ROC Curve

ROC Curve#

The receiver operating characteristic (ROC) curve is metric similar to the precision-recall curve. It plots the true positive rate (recall) versus the false negative rate (FPR, also called fall-out). The FPR is obtained by:

\(FPR = \frac{FP}{FP+TN}\)

The ROC curve can be plotted by:

# code of a previous notebook of this section
import pandas as pd
from sklearn.model_selection import train_test_split
from sklearn.model_selection import cross_val_predict
from sklearn.pipeline import make_pipeline
from sklearn.preprocessing import StandardScaler
from sklearn.compose import ColumnTransformer
from sklearn.compose import make_column_selector
import numpy as np
from sklearn.svm import SVC

data = pd.read_csv('cl1_data.csv')

train_set, test_set = train_test_split(data, test_size=0.2, random_state=42)

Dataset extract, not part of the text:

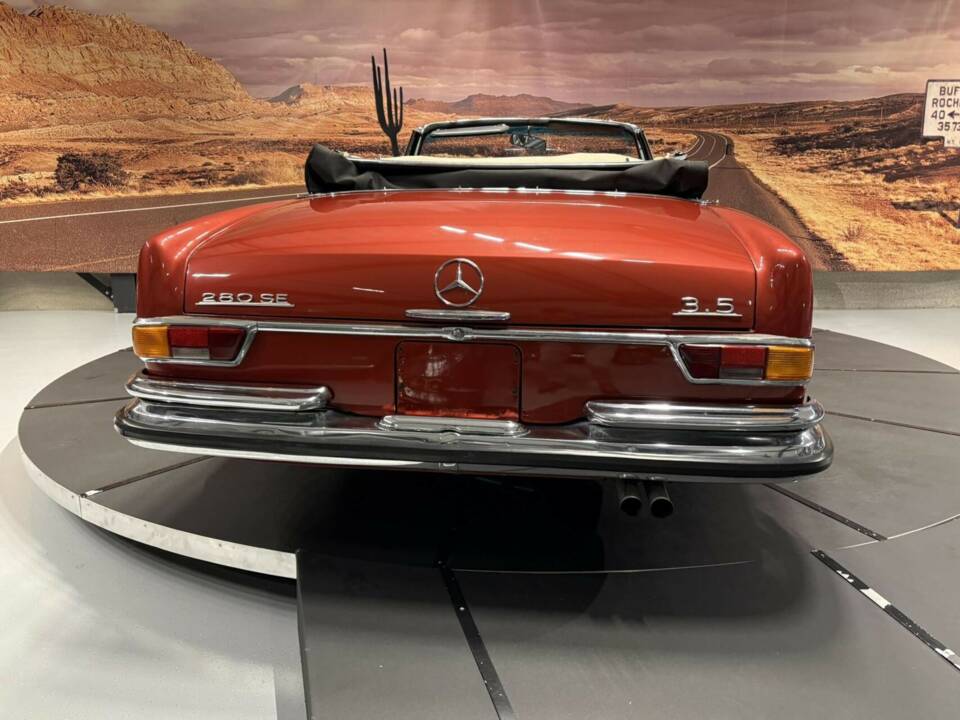 Image 10/49 de Mercedes-Benz 280 SE 3,5 (1971)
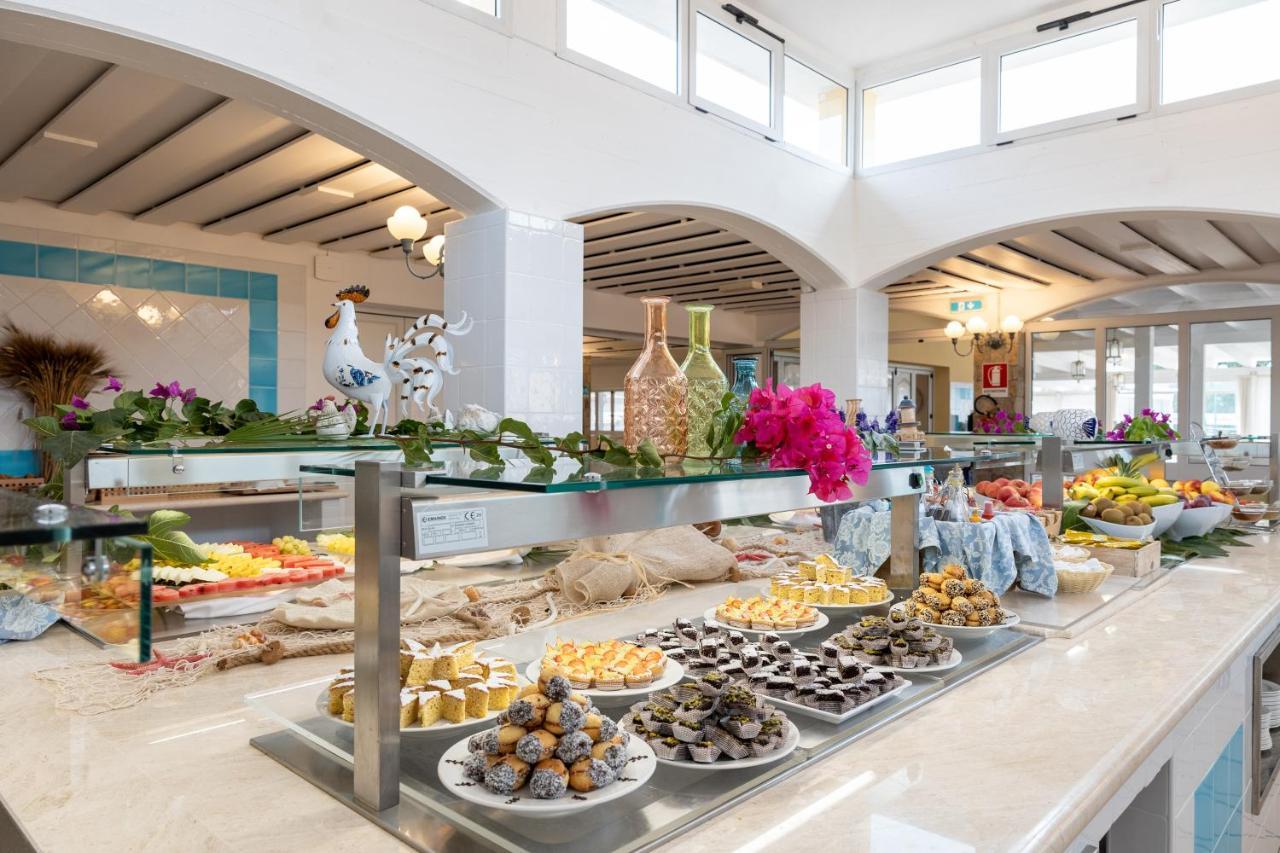 Tirreno Resort Cala Liberotto Exteriör bild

y_train = train_set['label']
X_train = train_set.drop(['label'], axis=1)

num_pipeline = make_pipeline(StandardScaler()) 

preprocessing = ColumnTransformer([("num",num_pipeline, make_column_selector(dtype_include=np.number))])

model_svc = make_pipeline(preprocessing, SVC(kernel='rbf', C=1.0)) 
model_svc.fit(X_train, y_train)

y_scores_svc = cross_val_predict(model_svc, X_train, y_train, cv=5, method="decision_function")

# end of code from a previous notebook of this section

from sklearn.metrics import roc_curve
import matplotlib.pyplot as plt

fpr_svc, tpr_svc, decision_func_svc = roc_curve(y_train, y_scores_svc, pos_label='group2')

plt.style.use('seaborn-v0_8')

plt.plot(fpr_svc, tpr_svc, "b", linewidth=2)

plt.xlabel("False Positive Rate (Fall-Out)", fontsize=14)
plt.ylabel("Recall (True Positive Rate)", fontsize=14)
plt.tick_params(labelsize=8)

plt.show()

../_images/4c38b1301357a2b69f13c4512f97b3b92acf0f9e93c8a5729cbd30aca3a7e4fc.png

Similar as for precision and recall, we see a trade-off between recall and FPR. Furthermore, a ROC curve on the top left corner indicates a good model which is the case for our example. We can get the area under this curve as a scoring function:

from sklearn.metrics import roc_auc_score

print('Integrated ROC: %0.3f' % (roc_auc_score(y_train, y_scores_svc)))

Integrated ROC: 0.983

You should prefer the precision-recall curve for imbalanced classes (as in our example) or when you care more about false positives than false negatives. Otherwise, the ROC curve is the better choice.